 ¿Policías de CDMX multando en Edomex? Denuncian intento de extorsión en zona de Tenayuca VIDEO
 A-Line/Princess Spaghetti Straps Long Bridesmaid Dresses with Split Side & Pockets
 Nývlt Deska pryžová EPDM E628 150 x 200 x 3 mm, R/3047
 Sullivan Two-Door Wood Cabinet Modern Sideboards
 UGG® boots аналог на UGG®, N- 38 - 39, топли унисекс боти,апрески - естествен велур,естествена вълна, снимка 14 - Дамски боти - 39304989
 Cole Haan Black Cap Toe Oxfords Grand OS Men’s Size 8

...

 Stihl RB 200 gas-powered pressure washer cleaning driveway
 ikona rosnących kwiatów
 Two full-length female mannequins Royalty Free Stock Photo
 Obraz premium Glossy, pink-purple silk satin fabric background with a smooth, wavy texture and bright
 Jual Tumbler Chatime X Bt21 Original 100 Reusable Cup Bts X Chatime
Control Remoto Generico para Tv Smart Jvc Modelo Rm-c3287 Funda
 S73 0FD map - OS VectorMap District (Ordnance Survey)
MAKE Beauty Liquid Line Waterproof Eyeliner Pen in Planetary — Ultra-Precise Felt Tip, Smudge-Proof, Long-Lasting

TASK ITEM
Would you copy, unchanged, the stretch of the records above that begins at the line containing "Stihl RB 200" and ends at the line containing "S73 0FD map", and only that?

SOLUTION FOR THIS PROBLEM
 Stihl RB 200 gas-powered pressure washer cleaning driveway
 ikona rosnących kwiatów
 Two full-length female mannequins Royalty Free Stock Photo
 Obraz premium Glossy, pink-purple silk satin fabric background with a smooth, wavy texture and bright
 Jual Tumbler Chatime X Bt21 Original 100 Reusable Cup Bts X Chatime
Control Remoto Generico para Tv Smart Jvc Modelo Rm-c3287 Funda
 S73 0FD map - OS VectorMap District (Ordnance Survey)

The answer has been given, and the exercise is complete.